What is expected:
Return the data below exactly, please, but drop the pictures.

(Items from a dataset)
####

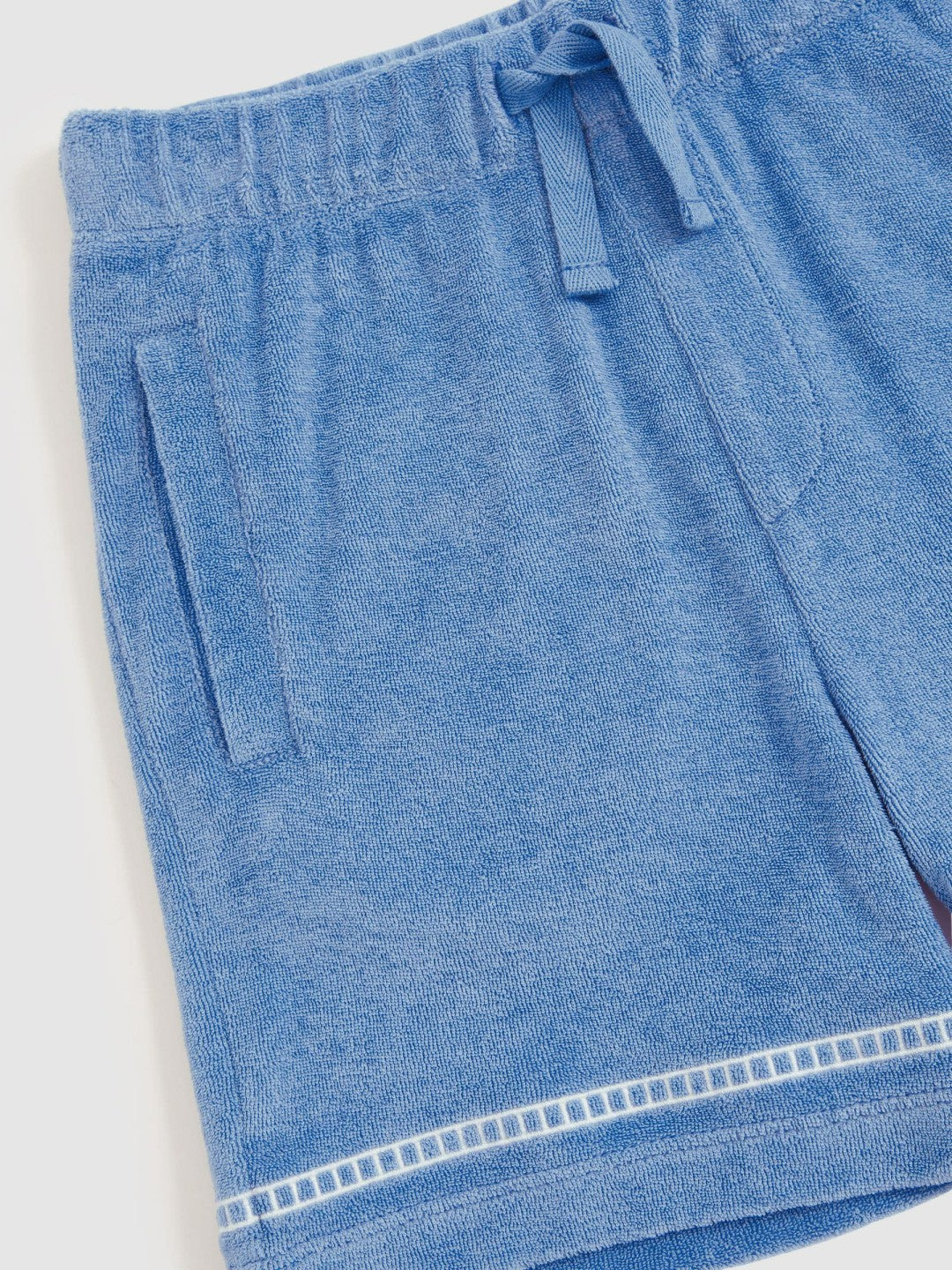 13-14 yrs Towelling Brand-Embroidered Shorts Airforce Blue | Children & Baby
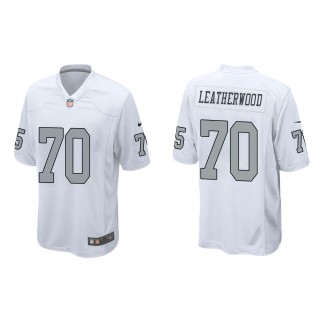 Men's Las Vegas Raiders Alex Leatherwood #70 White Alternate Game Jersey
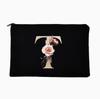 Bolsa de Cosméticos Personalizada com Zíper e Letra da Amazon, Estampa, Bolsa para Estudantes, Material Pu em Branco, Bolsa de Cosméticos Feminina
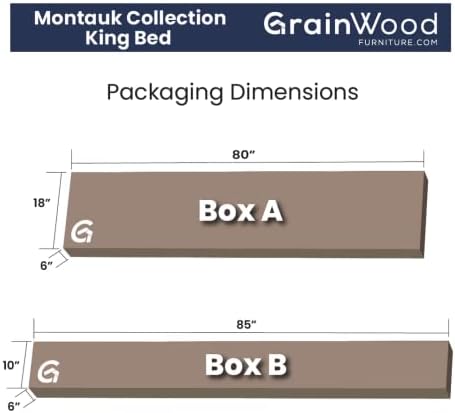 Grain Wood Furniture Montauk Solid Wood Bed, King Size, Rustic Off-White - Image 6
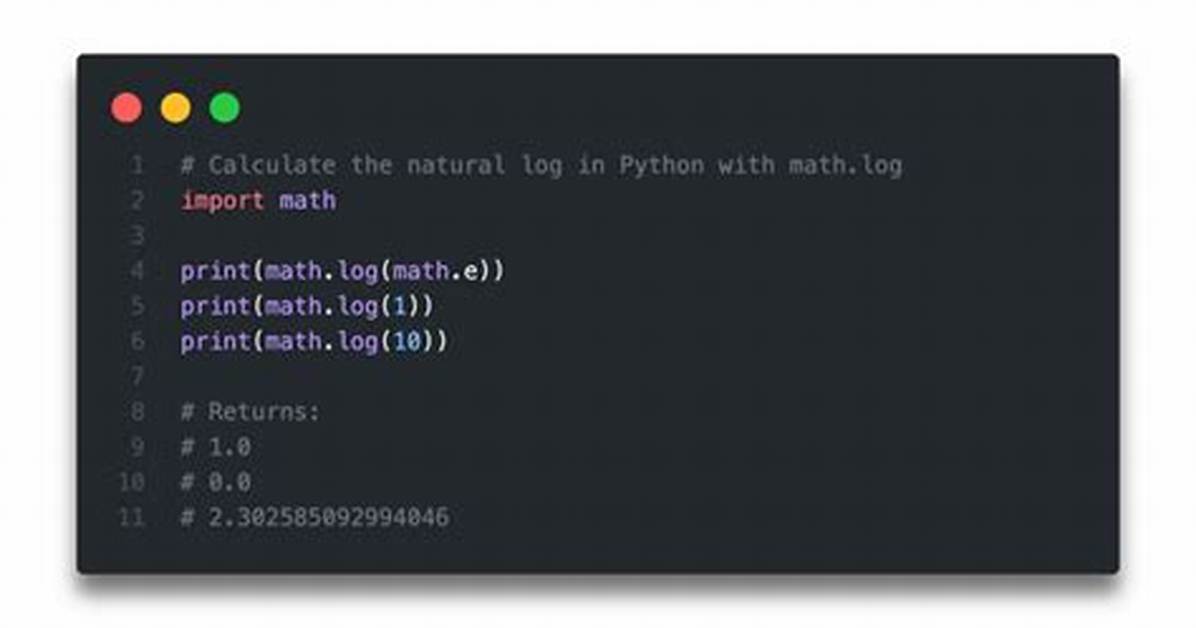 Ln (Natural Log) in Python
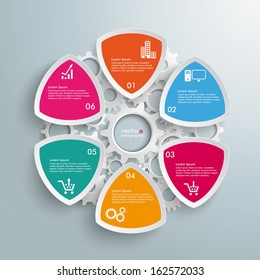 Infographic design on the grey background. Eps 10 vector file.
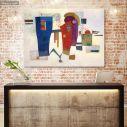 Πίνακας ζωγραφικής Accompanied contrast, Kandinsky W.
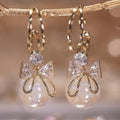 Korean Earings Fashion Jewelry Elegant And Sweet Cute Bow Earrings For Women Gifts Earrings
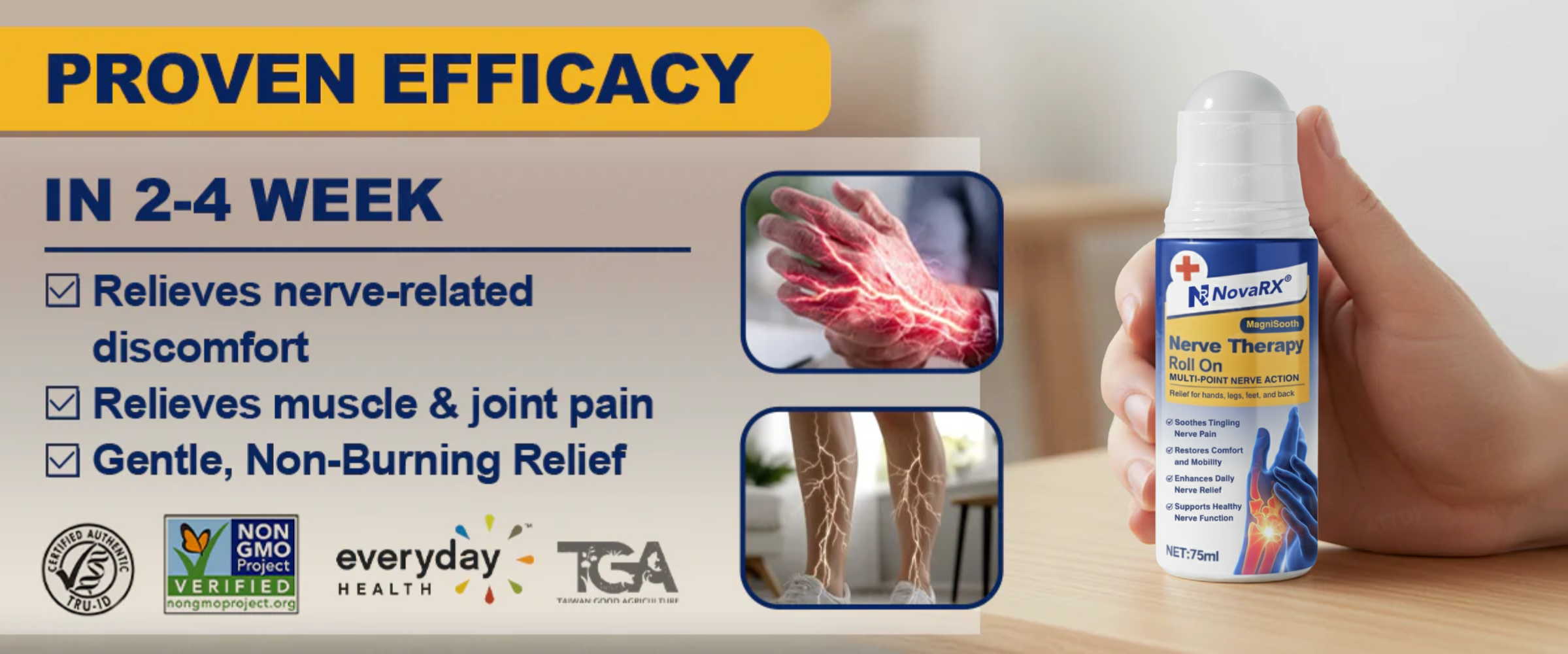 NovaRX® MagniSooth Nerve Therapy Roll On image NovaRX® MagniSooth Nerve Therapy Roll On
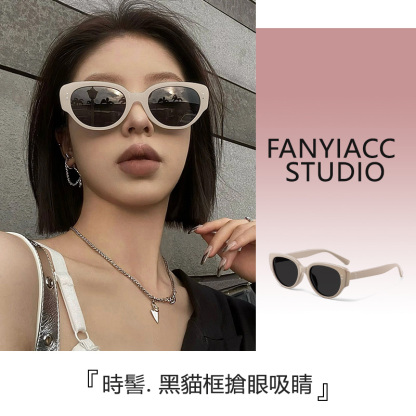 復古貓眼遮陽高級感近視偏光 太陽眼鏡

####

Answer box:
 13-14 yrs Towelling Brand-Embroidered Shorts Airforce Blue | Children & Baby
 Men's Las Vegas Raiders Alex Leatherwood #70 White Alternate Game Jersey
 Bolsa de Cosméticos Personalizada com Zíper e Letra da Amazon, Estampa, Bolsa para Estudantes, Material Pu em Branco, Bolsa de Cosméticos Feminina
 Grain Wood Furniture Montauk Solid Wood Bed, King Size, Rustic Off-White - Image 6
 Ln (Natural Log) in Python
 Infographic design on the grey background. Eps 10 vector file.
 Πίνακας ζωγραφικής Accompanied contrast, Kandinsky W.
 Korean Earings Fashion Jewelry Elegant And Sweet Cute Bow Earrings For Women Gifts Earrings
 NovaRX® MagniSooth Nerve Therapy Roll On image NovaRX® MagniSooth Nerve Therapy Roll On
 復古貓眼遮陽高級感近視偏光 太陽眼鏡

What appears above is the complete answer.